__WHAT THIS TASK INVOLVES__
Only the lines from the one with "Mercedes-Benz GLC GLC200d" to the end of the data below should be given again, exactly, with both ends included and pictures omitted.
(INFORMATION PROVIDED Opens)
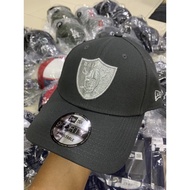 Original New Era Raiders Cap Gray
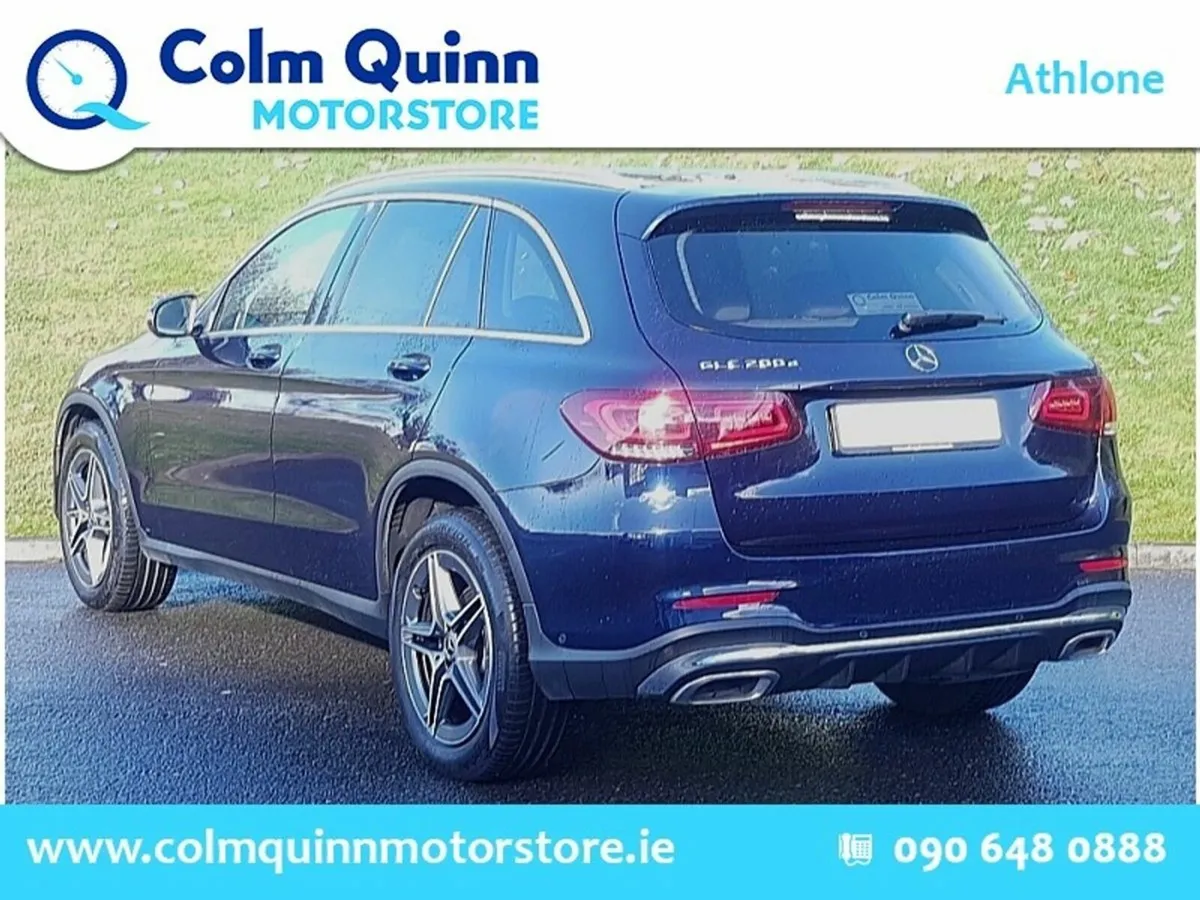 Mercedes-Benz GLC GLC200d AMG-Line  *12 Months War - Image 4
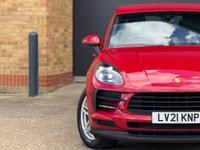 USED 2021 21 PORSCHE MACAN 2.0T SUV 5dr Petrol PDK 4WD Euro 6 (s/s) (245 ps)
(INFORMATION PROVIDED Closes)
__YOUR RESPONSE__
 Mercedes-Benz GLC GLC200d AMG-Line  *12 Months War - Image 4
 USED 2021 21 PORSCHE MACAN 2.0T SUV 5dr Petrol PDK 4WD Euro 6 (s/s) (245 ps)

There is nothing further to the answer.